Friedrich Hölderlin, por Marco Aurélio Werle
Tanto na poesia quanto na filosofia, Hölderlin se move numa região que transcende situações e fatos do cotidiano e se aproxima de um universo marcado pela experiência do divino e do sagrado, em suma, pelo panteísmo, o "um e tudo" (em grego: en kai pan). A tematização do todo implica atentar para a questão da origem, que é tanto o todo quanto a parte, isto é, abriga nela mesma a diferença: a plenitude do divino (o todo) contrasta com as carências e limitações da finitude humana (a parte).
Homero, por Donaldo Schüler
[Na Odisséia] Homero conversa com a Musa. Irrita-se ao lembrar que os companheiros de Odisseu morreram por terem cometido a loucura de abater bois de Hélio, embora o comandante da última nau o tivesse proibido rigorosamente. Quem decide por onde começar é a Deusa. Isso não impede que ouça sugestões. A viveza da narrativa brota dessa conversa. Homero - a que poeta atribuímos esse nome não importa - não se comporta como narrador passivo. Sente-se no direito de reinventar o que a tradição lhe transmitiu.
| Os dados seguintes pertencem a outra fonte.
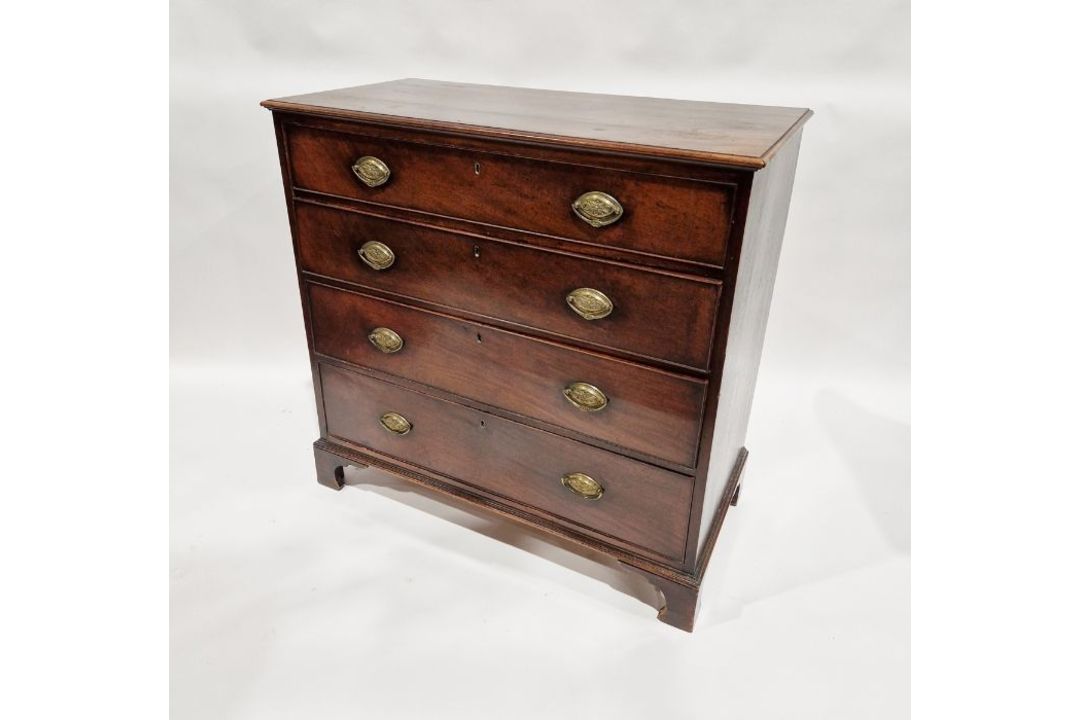 19th century mahogany chest of four long graduating drawers, with brass oval plate handles, on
William Butler Yeats, por Myriam Ávila
Um dos seus poemas mais comentados, Leda e o cisne (1923), apresenta de forma poderosa o estupro de Leda por Zeus encarnado em cisne. O poema começa já com um "baque súbito", sem nenhuma preparação prévia. Dir-se-ia que ele despenca sobre o leitor como o cisne sobre Leda. O protagonista é a violência, mais do que a mulher que a sofre ou o deus que a pratica. O refinamento estético do verso, no entanto, contrasta com a brutalidade do ataque, criando ambiguidades de leitura que impedem um juízo definitivo sobre o tema.
William Shakespeare, por Élvio Funck
Shakespeare precedeu Freud em quatro séculos, pois põe seu bisturi bem fundo na psiquê humana. O divã de Freud se vislumbra em várias das peças de Shakespeare, como quando, por exemplo, em Macbeth, Malcolm diz para Macduff que não deixe de expressar suas angústias, para que seu coração não arrebente, ou quando Hamlet se vê obrigado a calar sobre a dor que o oprime ao ver seu tio adúltero e incestuoso e sente que seu coração se dilacera.
Wisława Szymborska, por Moema Villela
Em Szymborska, é evidente a impossibilidade de um conhecimento total sobre o universo e a vida. Ao mesmo tempo, a disposição incansável de contemplar o mistério parecia permear o sorriso de Mona Lisa onipresente nos olhos da poeta, tão colados à sua imagem quanto os cigarros fumegantes das fotografias. A agudeza das apreciações da poeta penetra os objetos mais inesperados, voltando-se a pequenezas domésticas e adotando, para observá-las, ângulos singulares.